Speaking to interest.co.nz yesterday after SBS released its annual results, Smith said the current reality was weak lending growth.
"It's sort of in the 1% range and some of these banks obviously have targets of 2, 3 and 4%," Smith said. "Well, there's only one way you can get that and that's by taking market share and that seems to be the motive for them. It frustrates us from the perspective that they offer better rates to people who walk in off the street than they do to existing customers and that to me is against our philosophy. We've tended not to do that."
Interest.co.nz recently reported that the competition for mortgage business in a low growth market has got to the point where some banks are even prepared to pay, or contribute towards, break fees paid to other banks to help win business from customers on fixed-term mortgages away from rival banks. However, Smith said SBS is keeping out of this.
"We've not going to discount, we're not going to buy customers. Because we're of the belief that if you attract on price you'll lose on price so it's only a short-term (thing). We would rather have someone who wants a relationship, who is committed to the organisation, and we'll look after them," said Smith.

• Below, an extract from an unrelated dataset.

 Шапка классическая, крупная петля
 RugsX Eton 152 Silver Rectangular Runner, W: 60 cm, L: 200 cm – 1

Asked how SBS's customer numbers had fared in recent months he said "there's no growth out there."
Rebates not coming any time soon
Meanwhile, Smith said SBS, as a building society, could do what the new Co-operative Bank - formerly PSIS - is pledging to do and pay rebates to members. But, although this has also been discussed at SBS, it's not currently on the agenda.

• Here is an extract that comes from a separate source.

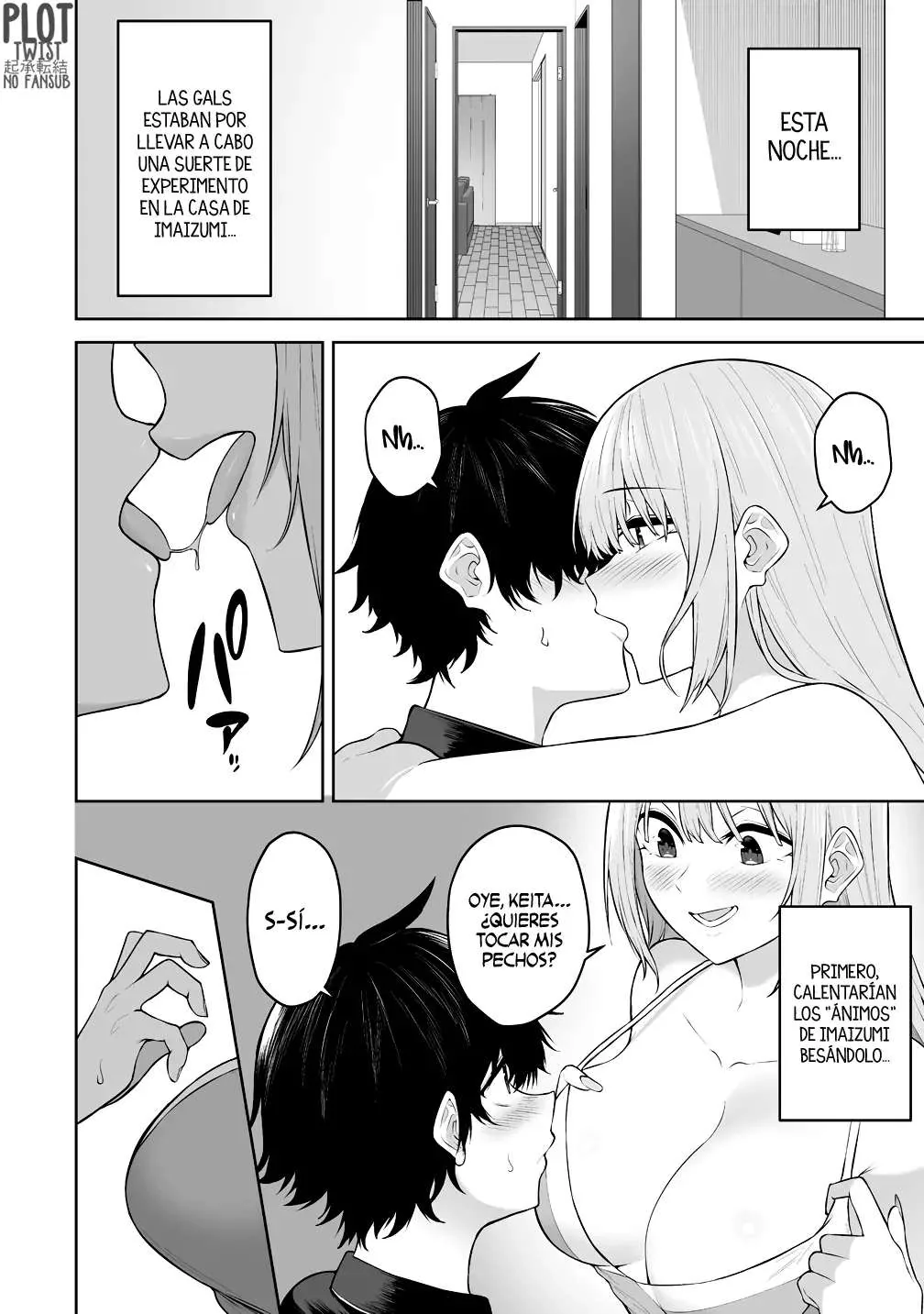 Imaizumi Trae a Todas las Gals a su Casa ~Deep~ capítulo 38 página 3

"We're of the opinion that when you've got 100,000 plus members and you give them $50 (each), it's a significant reduction in your balance sheet obviously, but does $50 really have a meaningful impact when you pay it out? I'd be surprised if it did. It becomes what is meaningful in terms of a rebate?"
"We'd rather just make certain that we remain competitive in terms of the offers we have for mortgages and investments and the level of service that we provide and the fees that we charge. We'd rather do it that way rather than give everyone $50 at the end of the year because I'm just not sure it would have that much of an impact," added Smith.

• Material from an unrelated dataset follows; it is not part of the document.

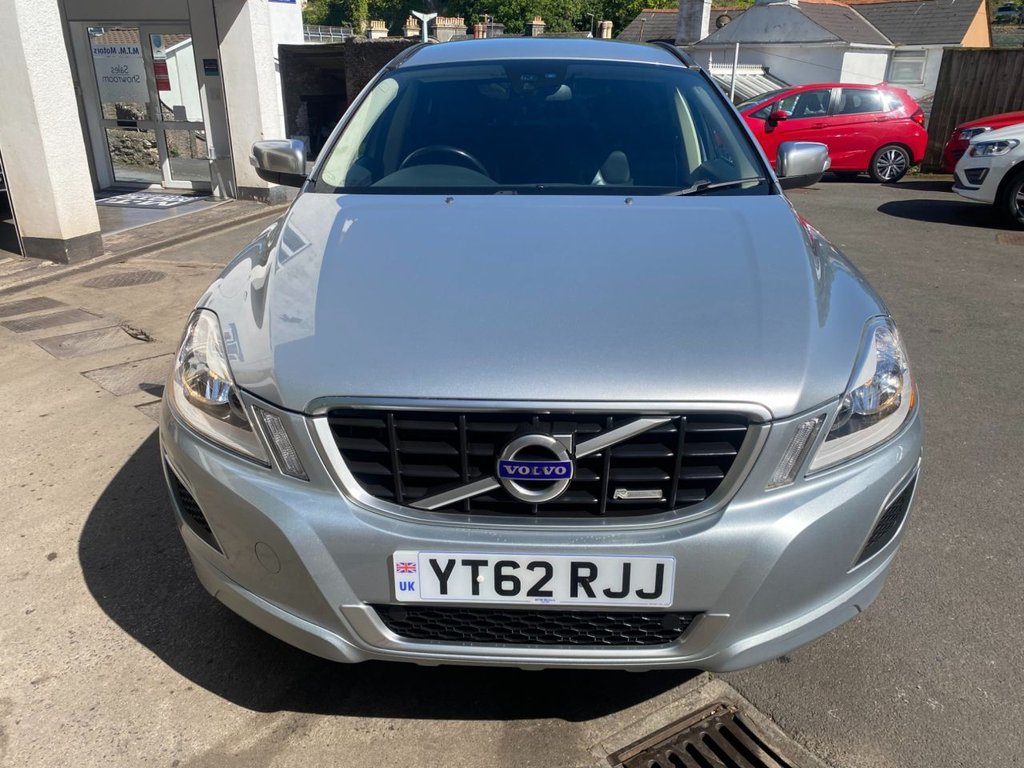 USED 2012 62 VOLVO XC60 2.4 D5 R-Design SUV 5dr Diesel Geartronic AWD Euro 5 (215 ps) GREAT VALUE R DESIGN XC60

The April-May spate of banks giving to borrowers through mortgage interest rate cuts and taking from savers through term deposit rate cuts, has left SBS with some of the best advertised rates in the market. And SBS was named Financial Institution of the Year in April in Roy Morgan Research's inaugural annual New Zealand customer satisfaction awards.
Meanwhile, SBS, which bought the Hastings Building Society in 2010 in what was touted as the first step towards creating a national community bank, isn't currently involved in any further merger or acquisition talks.
"We would be happy to talk to a number of players were they happy to talk to us," said Smith. "But there are no discussions going on at the moment so they're obviously happy with their lot. If it might occur we'd certainly be keen on pursuing discussions, but no one's coming knocking at the moment and they all know that we're here if we wish to talk."